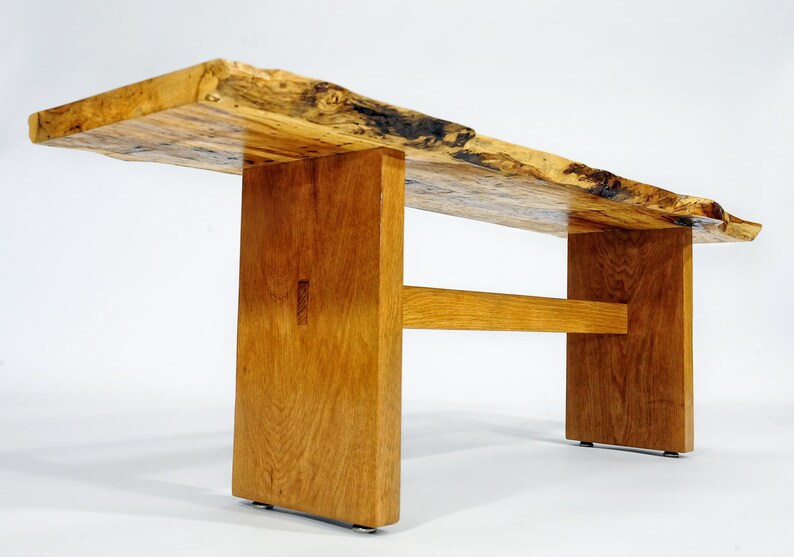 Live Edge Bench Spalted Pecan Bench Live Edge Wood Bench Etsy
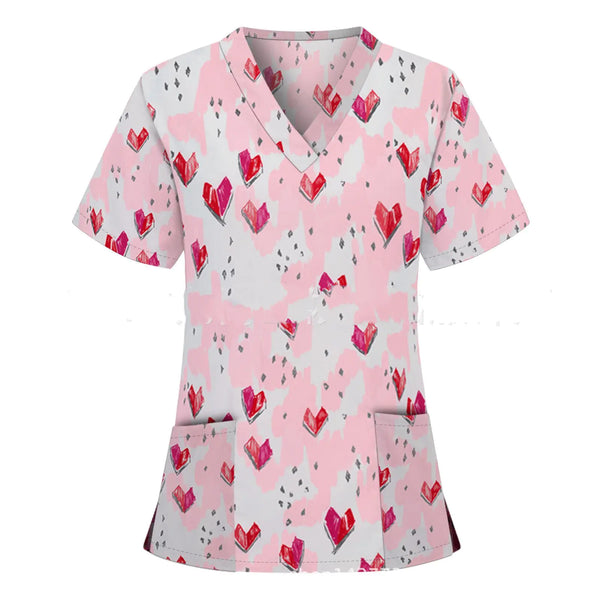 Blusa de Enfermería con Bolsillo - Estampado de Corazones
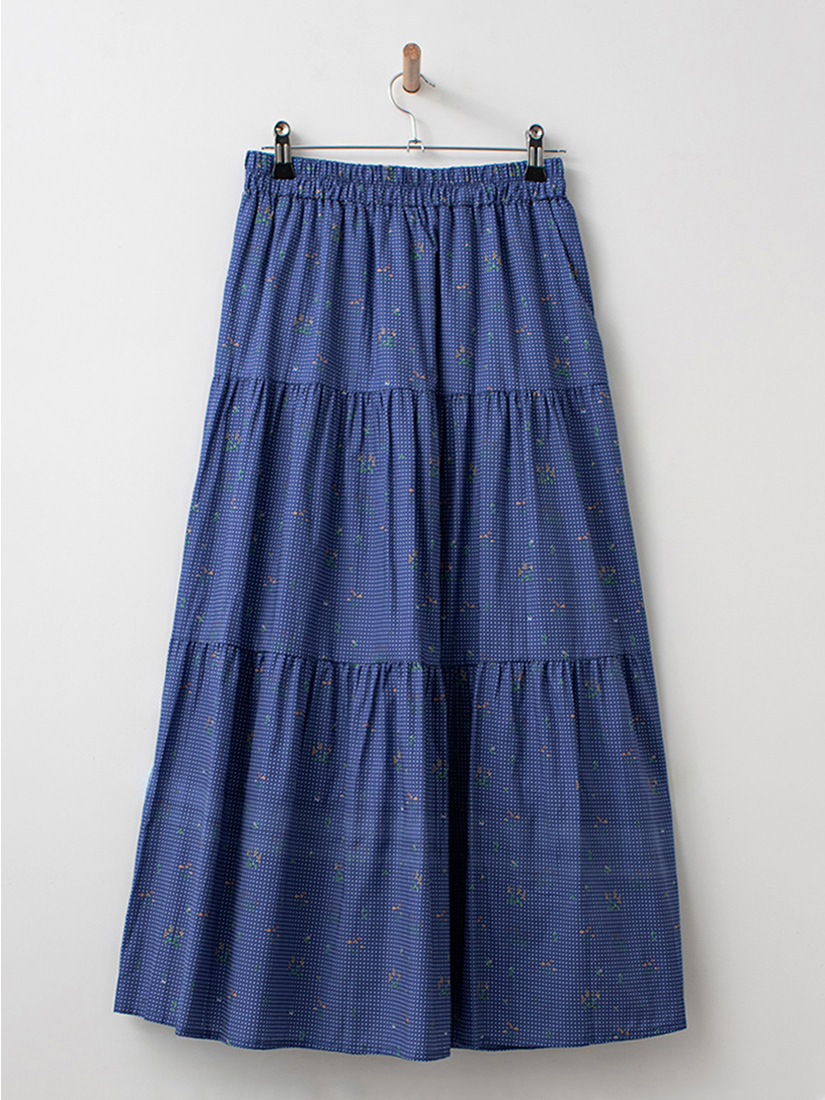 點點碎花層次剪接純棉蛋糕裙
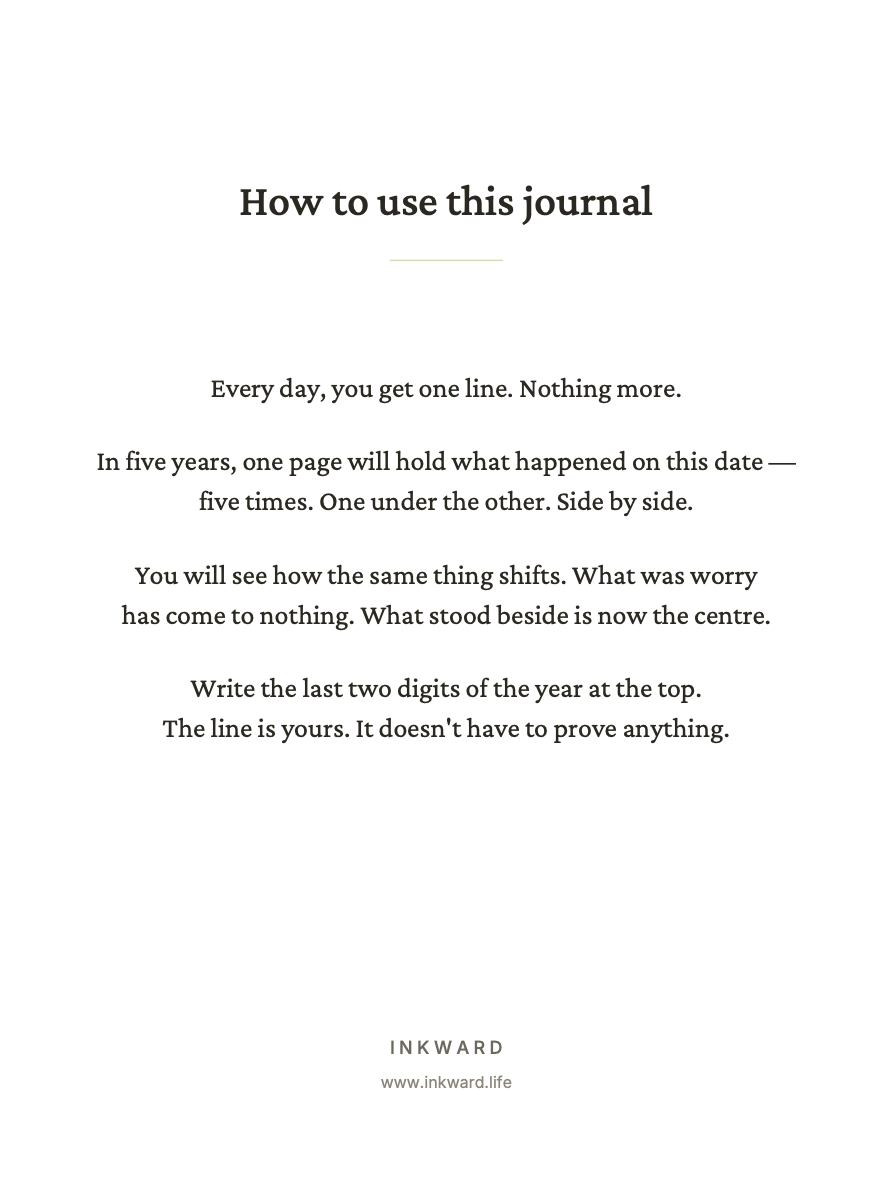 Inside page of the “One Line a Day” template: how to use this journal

+--

• [GOAL OF THE EXERCISE]
Would you repeat the material exactly, keeping out any pictures?

• [EXERCISE SOLUTION]
 Live Edge Bench Spalted Pecan Bench Live Edge Wood Bench Etsy
 Blusa de Enfermería con Bolsillo - Estampado de Corazones
 點點碎花層次剪接純棉蛋糕裙
 Inside page of the “One Line a Day” template: how to use this journal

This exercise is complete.